-------- Material supplied --------

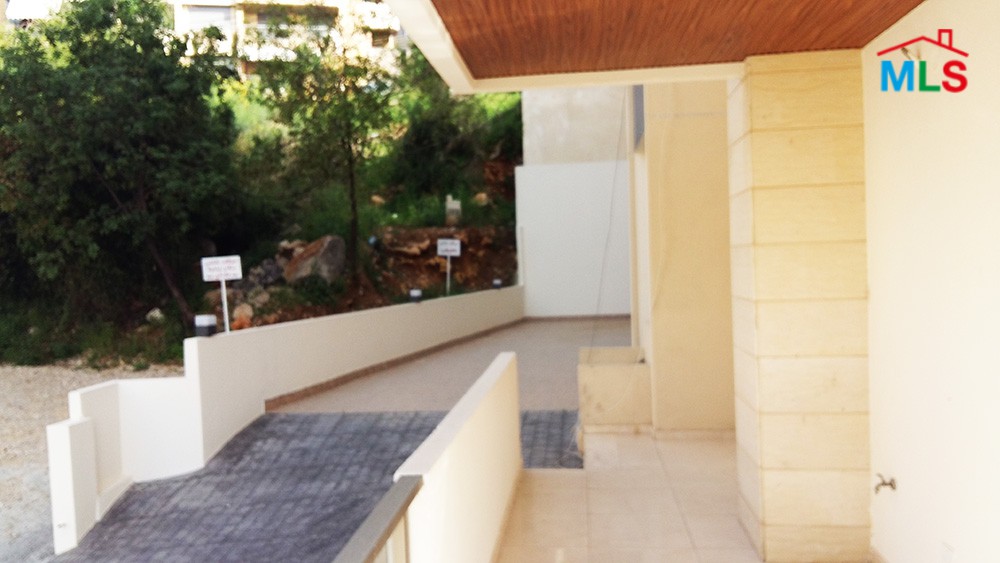 Brand New Apartment For Sale in a Nice Project in Elissar Metn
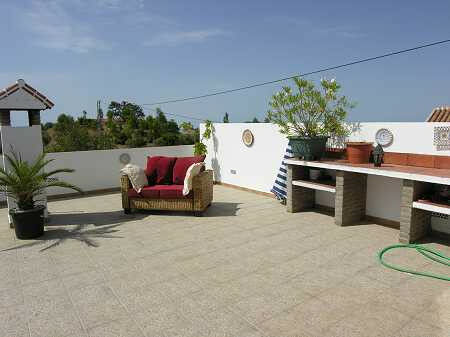 Finca - Cortijo Sedella Málaga - image 10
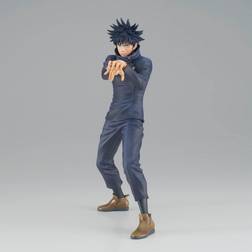 Banpresto Jujutsu Kaisen Megumi Fushiguro King of Artist Statue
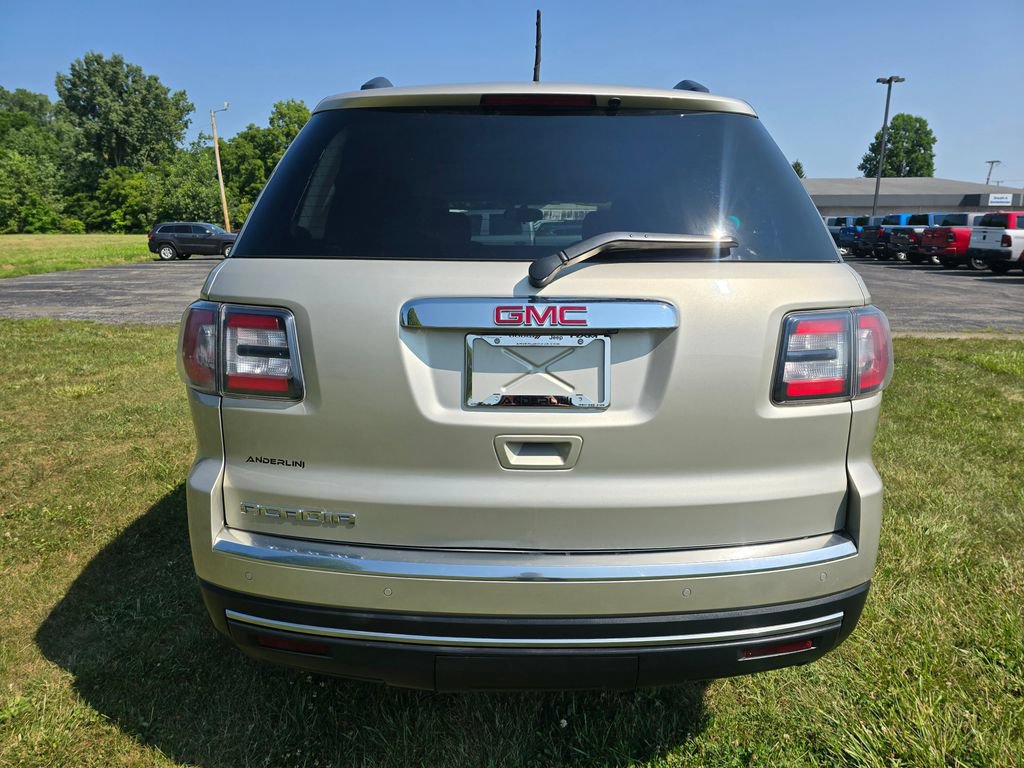 Used 2016 GMC Acadia SLE FWD image 6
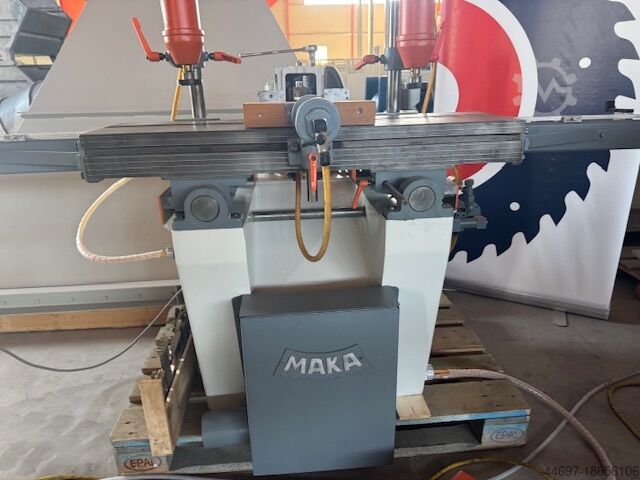 Мортировочный станок MAKA DB 5 N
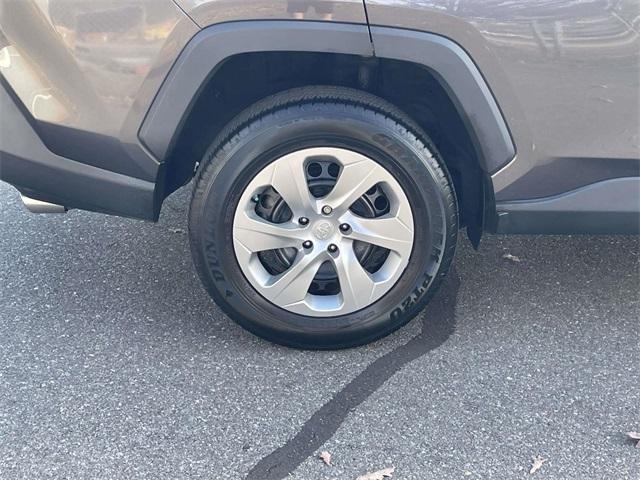 used 2023 Toyota RAV4 car, priced at $27,618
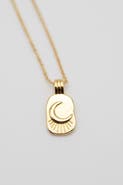 Ivy & Pearl Co. Moonlight Essence Necklace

--------

Your task is to repeat only the lines from the line containing "Used 2016 GMC Acadia SLE FWD image 6" through the final line of the material, inclusive; do not include pictures.

 Used 2016 GMC Acadia SLE FWD image 6
 Мортировочный станок MAKA DB 5 N
 used 2023 Toyota RAV4 car, priced at $27,618
 Ivy & Pearl Co. Moonlight Essence Necklace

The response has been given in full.